### TASK TO COMPLETE
All entries below are to be set down again, identical to the source.

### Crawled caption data
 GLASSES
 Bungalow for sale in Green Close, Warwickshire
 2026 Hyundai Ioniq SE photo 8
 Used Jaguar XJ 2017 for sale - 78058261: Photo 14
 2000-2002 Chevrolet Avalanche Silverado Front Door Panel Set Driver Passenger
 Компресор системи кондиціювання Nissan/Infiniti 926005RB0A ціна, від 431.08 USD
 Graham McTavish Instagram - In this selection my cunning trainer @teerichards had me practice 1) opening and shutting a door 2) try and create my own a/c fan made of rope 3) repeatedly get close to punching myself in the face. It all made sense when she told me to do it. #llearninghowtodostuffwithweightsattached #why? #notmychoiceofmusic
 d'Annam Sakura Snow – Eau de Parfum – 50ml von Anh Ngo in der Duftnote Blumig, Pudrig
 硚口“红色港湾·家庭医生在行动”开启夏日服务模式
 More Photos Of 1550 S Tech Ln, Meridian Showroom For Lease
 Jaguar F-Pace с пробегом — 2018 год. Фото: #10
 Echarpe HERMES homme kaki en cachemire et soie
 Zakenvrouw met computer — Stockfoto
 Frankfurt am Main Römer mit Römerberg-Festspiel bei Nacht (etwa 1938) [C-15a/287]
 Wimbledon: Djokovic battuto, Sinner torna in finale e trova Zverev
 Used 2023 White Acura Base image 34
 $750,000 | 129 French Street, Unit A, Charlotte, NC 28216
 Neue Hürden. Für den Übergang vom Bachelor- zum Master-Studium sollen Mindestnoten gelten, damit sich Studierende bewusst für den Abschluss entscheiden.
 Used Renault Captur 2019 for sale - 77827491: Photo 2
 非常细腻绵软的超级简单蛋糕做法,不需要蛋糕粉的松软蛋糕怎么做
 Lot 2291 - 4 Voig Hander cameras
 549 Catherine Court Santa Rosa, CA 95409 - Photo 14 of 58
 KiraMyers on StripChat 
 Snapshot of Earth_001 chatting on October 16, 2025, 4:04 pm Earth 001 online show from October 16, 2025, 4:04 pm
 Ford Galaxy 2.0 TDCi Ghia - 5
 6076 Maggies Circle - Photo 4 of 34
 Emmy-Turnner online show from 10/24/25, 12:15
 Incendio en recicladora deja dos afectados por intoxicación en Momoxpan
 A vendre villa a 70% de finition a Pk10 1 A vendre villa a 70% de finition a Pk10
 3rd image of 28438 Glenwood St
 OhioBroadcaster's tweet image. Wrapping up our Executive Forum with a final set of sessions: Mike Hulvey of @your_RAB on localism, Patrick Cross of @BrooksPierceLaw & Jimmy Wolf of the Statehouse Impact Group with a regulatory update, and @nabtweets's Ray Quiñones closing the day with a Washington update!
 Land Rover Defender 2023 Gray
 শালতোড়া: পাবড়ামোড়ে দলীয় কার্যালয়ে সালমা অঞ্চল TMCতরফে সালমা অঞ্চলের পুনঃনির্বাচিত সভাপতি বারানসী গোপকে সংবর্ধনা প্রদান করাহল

### SOLUTION TO THE PROBLEM
 GLASSES
 Bungalow for sale in Green Close, Warwickshire
 2026 Hyundai Ioniq SE photo 8
 Used Jaguar XJ 2017 for sale - 78058261: Photo 14
 2000-2002 Chevrolet Avalanche Silverado Front Door Panel Set Driver Passenger
 Компресор системи кондиціювання Nissan/Infiniti 926005RB0A ціна, від 431.08 USD
 Graham McTavish Instagram - In this selection my cunning trainer @teerichards had me practice 1) opening and shutting a door 2) try and create my own a/c fan made of rope 3) repeatedly get close to punching myself in the face. It all made sense when she told me to do it. #llearninghowtodostuffwithweightsattached #why? #notmychoiceofmusic
 d'Annam Sakura Snow – Eau de Parfum – 50ml von Anh Ngo in der Duftnote Blumig, Pudrig
 硚口“红色港湾·家庭医生在行动”开启夏日服务模式
 More Photos Of 1550 S Tech Ln, Meridian Showroom For Lease
 Jaguar F-Pace с пробегом — 2018 год. Фото: #10
 Echarpe HERMES homme kaki en cachemire et soie
 Zakenvrouw met computer — Stockfoto
 Frankfurt am Main Römer mit Römerberg-Festspiel bei Nacht (etwa 1938) [C-15a/287]
 Wimbledon: Djokovic battuto, Sinner torna in finale e trova Zverev
 Used 2023 White Acura Base image 34
 $750,000 | 129 French Street, Unit A, Charlotte, NC 28216
 Neue Hürden. Für den Übergang vom Bachelor- zum Master-Studium sollen Mindestnoten gelten, damit sich Studierende bewusst für den Abschluss entscheiden.
 Used Renault Captur 2019 for sale - 77827491: Photo 2
 非常细腻绵软的超级简单蛋糕做法,不需要蛋糕粉的松软蛋糕怎么做
 Lot 2291 - 4 Voig Hander cameras
 549 Catherine Court Santa Rosa, CA 95409 - Photo 14 of 58
 KiraMyers on StripChat 
 Snapshot of Earth_001 chatting on October 16, 2025, 4:04 pm Earth 001 online show from October 16, 2025, 4:04 pm
 Ford Galaxy 2.0 TDCi Ghia - 5
 6076 Maggies Circle - Photo 4 of 34
 Emmy-Turnner online show from 10/24/25, 12:15
 Incendio en recicladora deja dos afectados por intoxicación en Momoxpan
 A vendre villa a 70% de finition a Pk10 1 A vendre villa a 70% de finition a Pk10
 3rd image of 28438 Glenwood St
 OhioBroadcaster's tweet image. Wrapping up our Executive Forum with a final set of sessions: Mike Hulvey of @your_RAB on localism, Patrick Cross of @BrooksPierceLaw & Jimmy Wolf of the Statehouse Impact Group with a regulatory update, and @nabtweets's Ray Quiñones closing the day with a Washington update!
 Land Rover Defender 2023 Gray
 শালতোড়া: পাবড়ামোড়ে দলীয় কার্যালয়ে সালমা অঞ্চল TMCতরফে সালমা অঞ্চলের পুনঃনির্বাচিত সভাপতি বারানসী গোপকে সংবর্ধনা প্রদান করাহল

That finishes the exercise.